> [Short web captions]:
⟨

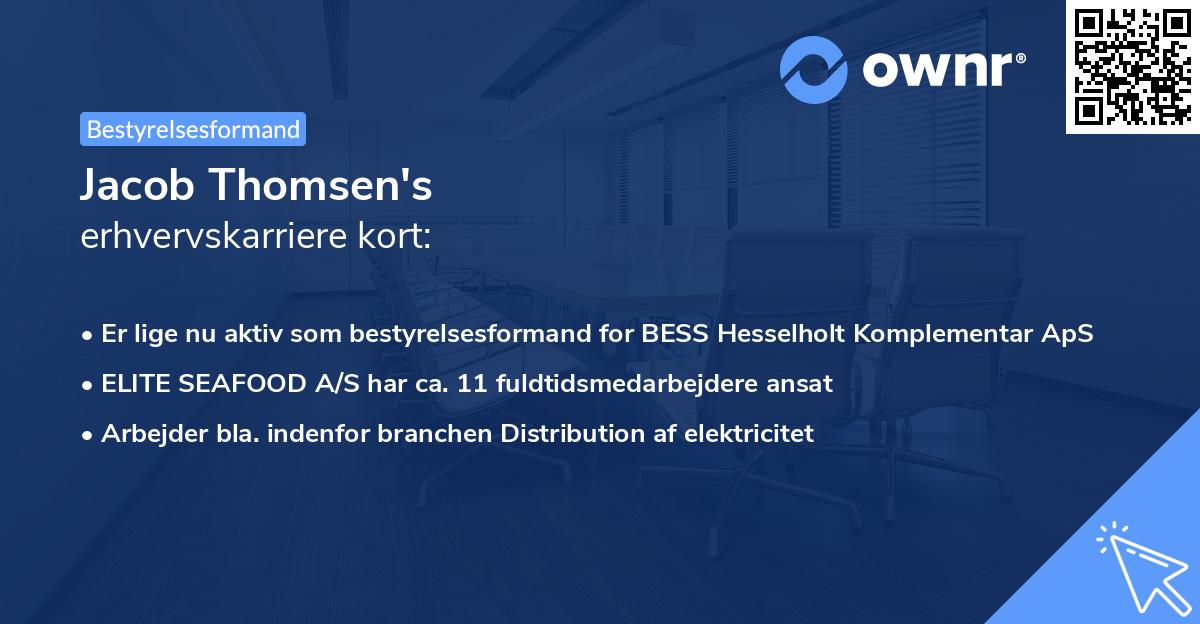 Jacob Thomsen's erhvervskarriere kort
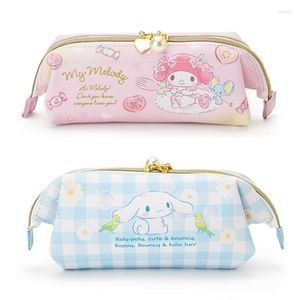 Bolsas de cosméticos, estuche de lápices de cuero Kawaii bonito para niñas, bolsa grande abierta de dibujos animados, bolsa organizadora de maquillaje, almacenamiento de belleza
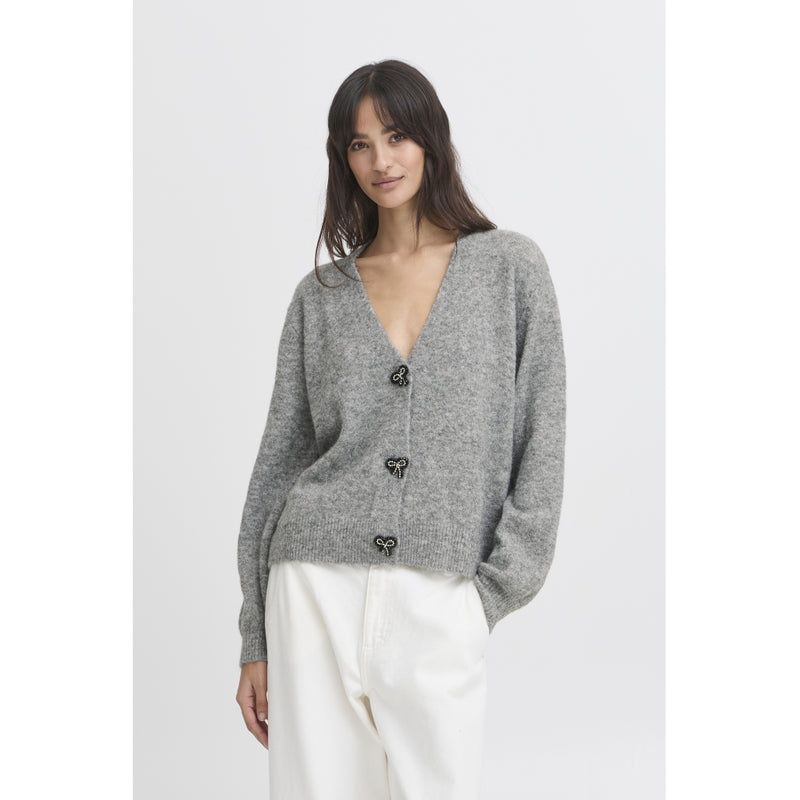 b.young B.YOUNG dam cardigan BXOMEA Cardigan Mid Grey Melange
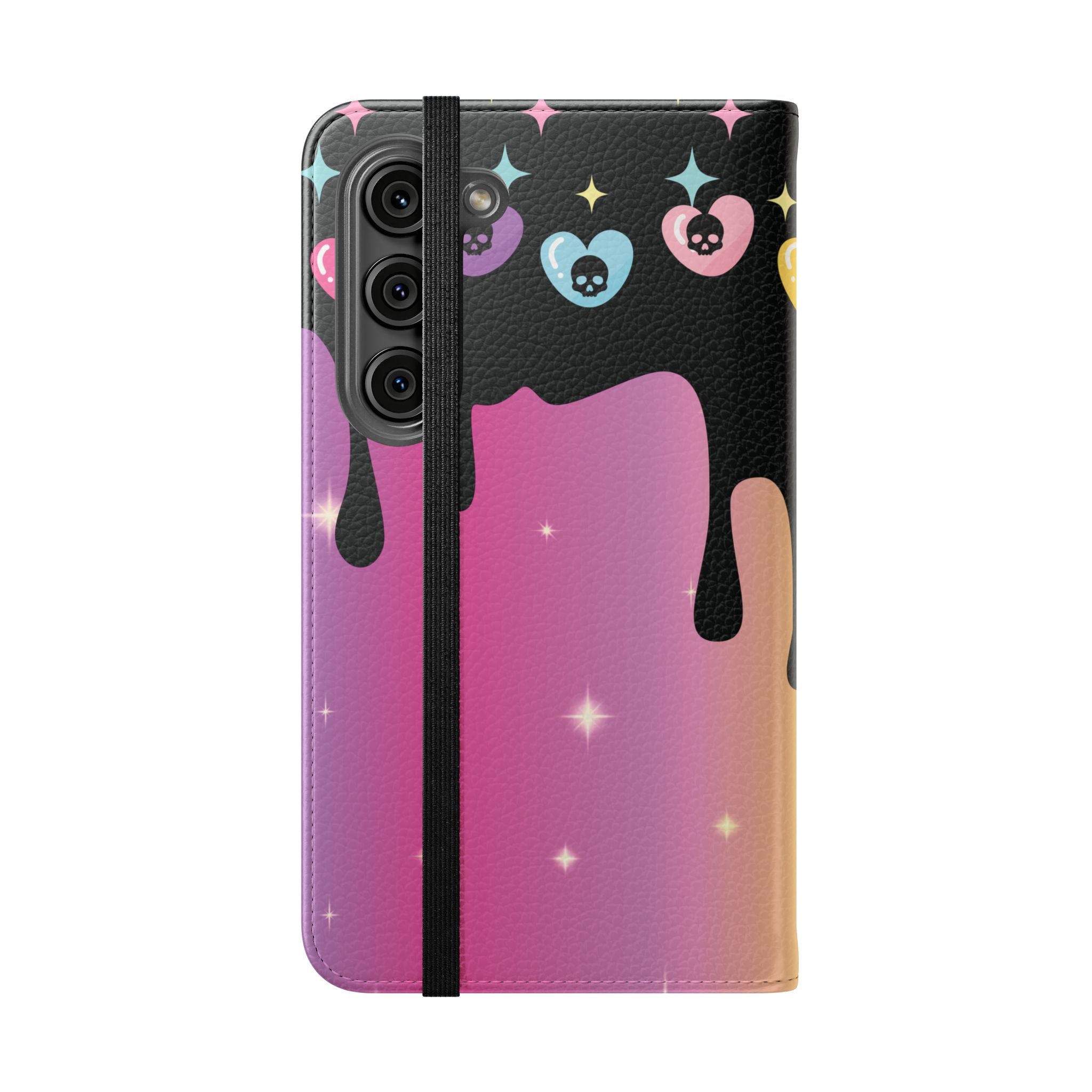 Pastel Goth Drippy Rainbow Skulls Flip Wallet Phone Case - Wallet Case for Samsung and iPhone - Gothic Style Wallet Phone Cases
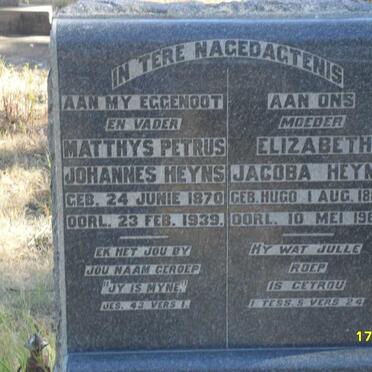 HEYNS Matthys Petrus Johannes 1870-1939 &amp; Elizabeth Jacoba HUGO 1882-1963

⟩

> [About this task]:
Give the data again exactly as it appears, but without any images.

> [Result of the task]:
 Jacob Thomsen's erhvervskarriere kort
 Bolsas de cosméticos, estuche de lápices de cuero Kawaii bonito para niñas, bolsa grande abierta de dibujos animados, bolsa organizadora de maquillaje, almacenamiento de belleza
 b.young B.YOUNG dam cardigan BXOMEA Cardigan Mid Grey Melange
 Pastel Goth Drippy Rainbow Skulls Flip Wallet Phone Case - Wallet Case for Samsung and iPhone - Gothic Style Wallet Phone Cases
 HEYNS Matthys Petrus Johannes 1870-1939 &amp; Elizabeth Jacoba HUGO 1882-1963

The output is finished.